B : Bis ke Bandung baru saja pergi.
Jika diamati  kedua kalimat percakapan tersebut, makna kalimat A terasa agak aneh. Mengapa A menyatakan sesuatu yang kebenarannya amat jelas ? (maksudnya jelas bahwa A melihat B berada di tempat itu, tentu hal ini tidak perlu dipertanyakan). Begitu juga halnya dengan si B menyebutkan tentang bis yang tidak dipertanyakan oleh si A. Dalam hal ini tentu ada kaidah yang memungkinkan kita menentukan makna apa yang ada di balik apa yang diucapkan dalam percakapan itu. Agar pesan (message) dapat sampai dengan baik kepada peserta penutur, komunikasi yang terjadi itu perlu mempertimbangkan kaidah-kaidah yang harus ditaati oleh pembicara agar percakapan dapat berjalan dengan lancar. Kaidah-kaidah ini dalam kajian pragmatik, dikenal sebagai prinsip kerja sama.

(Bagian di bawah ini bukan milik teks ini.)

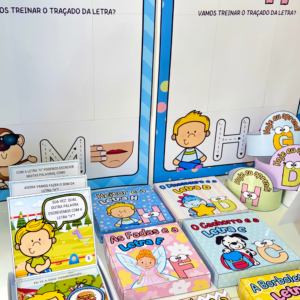 COMBO KIT HISTÓRIA NA CAIXA AS LETRAS DO ALFABETO + CARTAZES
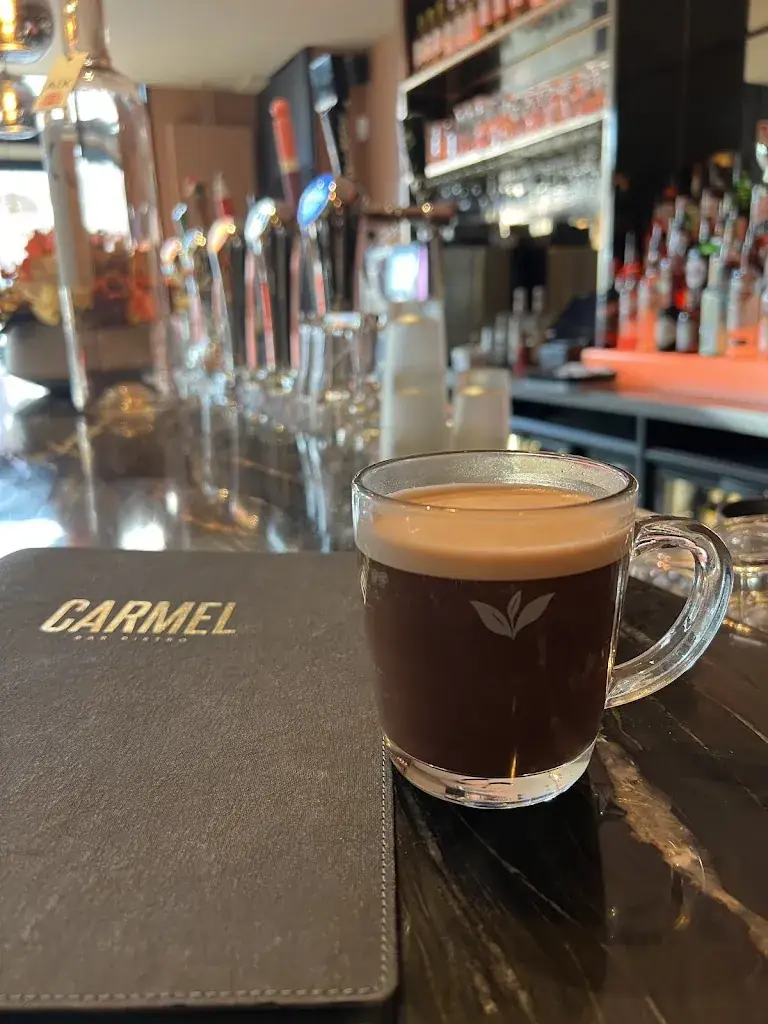 Sasha Cushman_Carmel by Catch - Sushi & Streetfood_Helder_reseña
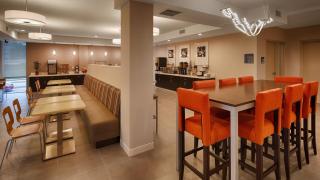 La Quinta Inn & Suites by Wyndham Tulsa Downtown - Route 66 - 7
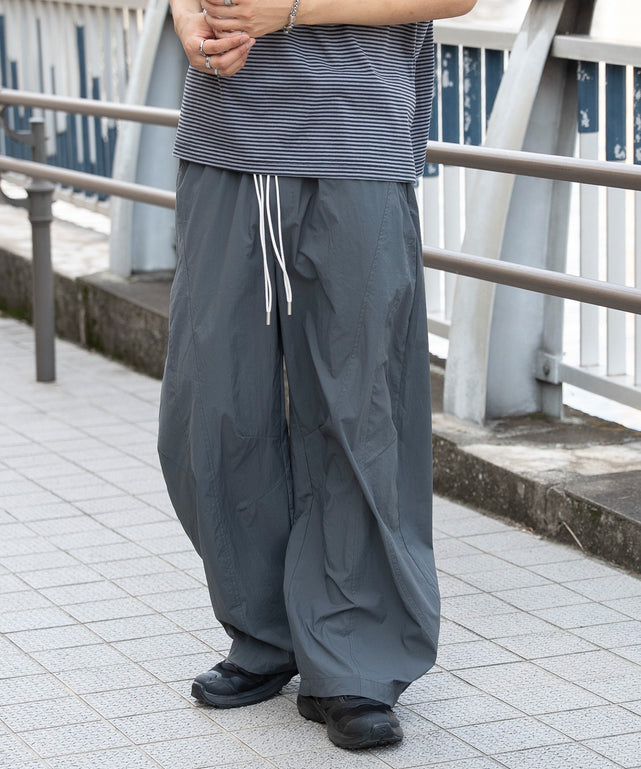 テクニカルバルーンパンツ/グレー モデル：180cm L着用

Grice mengungkapkan bahwa di dalam prinsip kerja sama, seorang pembicara harus mematuhi empat maksim. Maksim adalah prinsip yang harus ditaati oleh peserta pertuturan dalam berinteraksi, baik secara tekstual maupun interpersonal dalam upaya melancarkan jalannya proses komunikasi. 

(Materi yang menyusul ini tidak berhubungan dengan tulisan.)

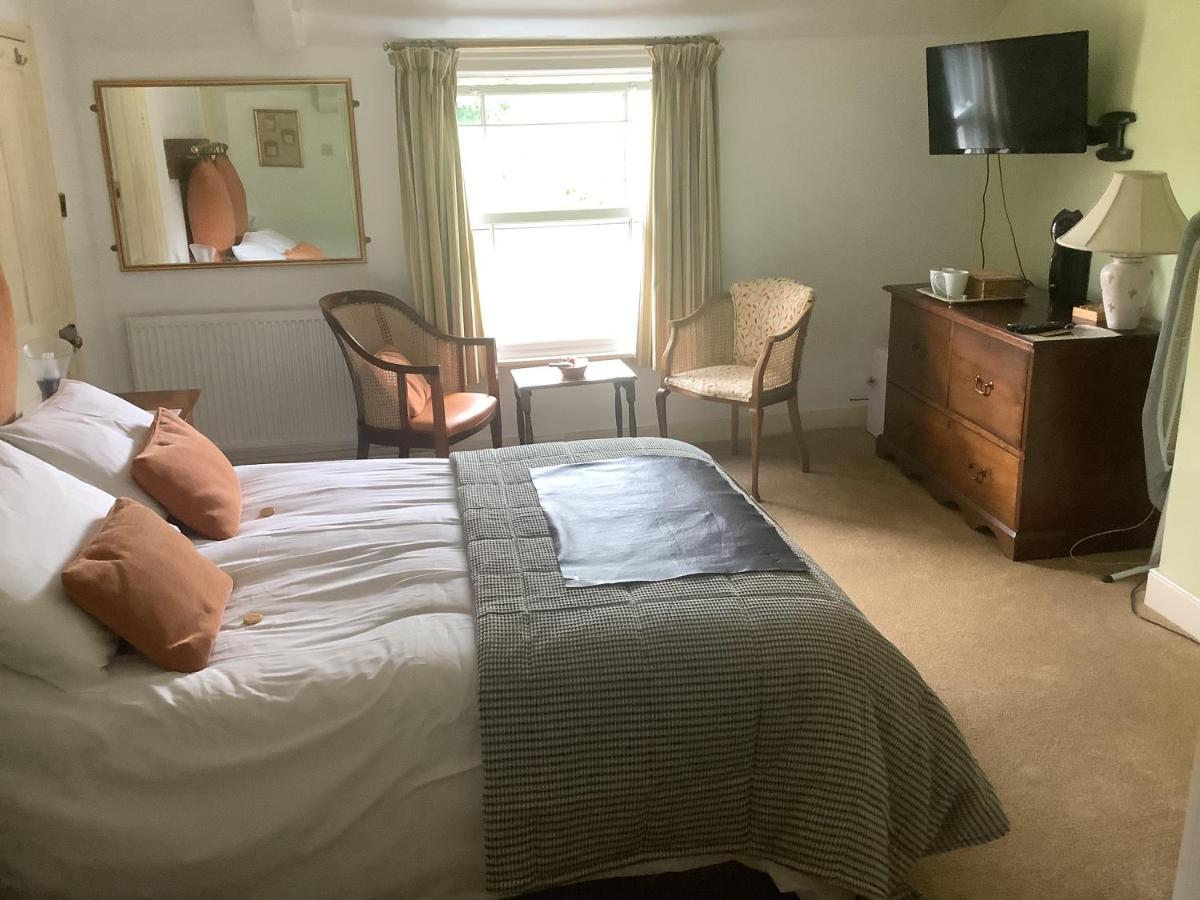 Bwthyn Cudd Bed & Breakfast Westbury  Eksteriør bilde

Kaidah percakapan yang dikemukakan oleh Grice sebagai berikut :
a.                   Cooperative principle (prinsip kooperatif).
      Di dalam percakapan, sumbangkanlah apa yang diperlukan, pada saat terjadinya percakapan itu dengan memegang tujuan dari percakapan itu.
b.                 Empat  maxim of conversation ( empat maksim percakapan ) :
1.                Maksim kualitas (maxim of quality) ; dalam percakapan, berusahalah menyatakan sesuatu yang benar.
2.               Maksim kuantitas (maxim of quantity) ;  berilah keterangan secukupnya dan jangan mengatakan sesuatu yang tidak diperlukan.
3.                Maksim relevan (maxim of relevance) ; katakanlah hanya apa yang berguna atau relevan.
     Maksim cara berbicara (maxim of manner)  ; jangan mengatakan sesuatu yang tidak jelas, jangan mengatakan sesuatu yang ambigu, berbicaralah dengan singkat dan secara khusus.
Salah satu pegangan atau kaidah percakapan ialah bahwa pendengarnya menganggap bahwa pembicaranya mengikuti dasar-dasar atau maksim di atas. Jika terdapat tanda-tanda bahwa satu maksim dilanggar, maka kita harus memutuskan bahwa ada sesuatu di balik apa yang dikatakan. Dapat disimpulkan bahwa, penuturlah yang menyampaikan makna lewat implikatur, dan pendengarlah yang mengenali makna-makna yang disampaikan lewat inferensi itu.